- [Work instructions]
Beginning with the line that has "this 800×530 image.", please write out the remaining lines of the material exactly, the last one included.

- [Material for this task]
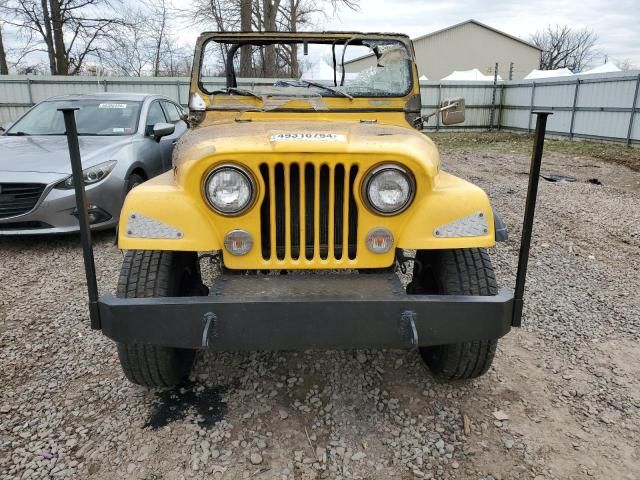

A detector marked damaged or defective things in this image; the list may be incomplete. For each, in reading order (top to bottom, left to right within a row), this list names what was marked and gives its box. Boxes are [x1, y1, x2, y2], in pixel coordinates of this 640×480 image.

cracked windshield [198, 38, 412, 108]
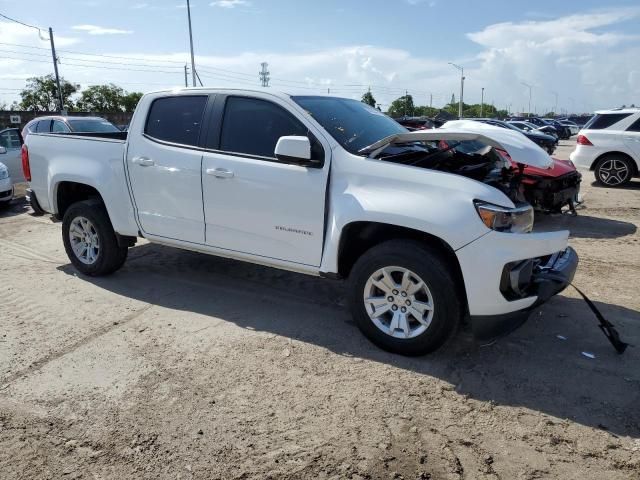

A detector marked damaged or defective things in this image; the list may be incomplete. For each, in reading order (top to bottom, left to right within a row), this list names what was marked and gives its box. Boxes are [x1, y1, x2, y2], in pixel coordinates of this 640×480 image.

crumpled hood [362, 119, 552, 169]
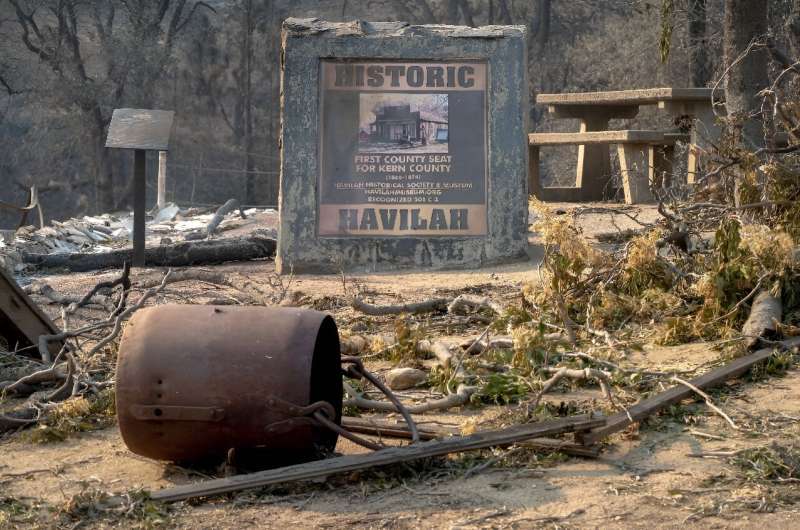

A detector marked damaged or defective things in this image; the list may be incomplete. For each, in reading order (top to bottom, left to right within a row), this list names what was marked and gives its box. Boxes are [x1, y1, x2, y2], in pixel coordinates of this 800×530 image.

rusty metal barrel [115, 304, 340, 460]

- [Reply]
A detector marked damaged or defective things in this image; the list may be incomplete. For each, in reading order (top to bottom, left to right within a row), this list names what was marked and gives its box. Boxes are [x1, y1, x2, y2], in pixel coordinates of this 800×530 image.

rusty metal barrel [115, 304, 340, 460]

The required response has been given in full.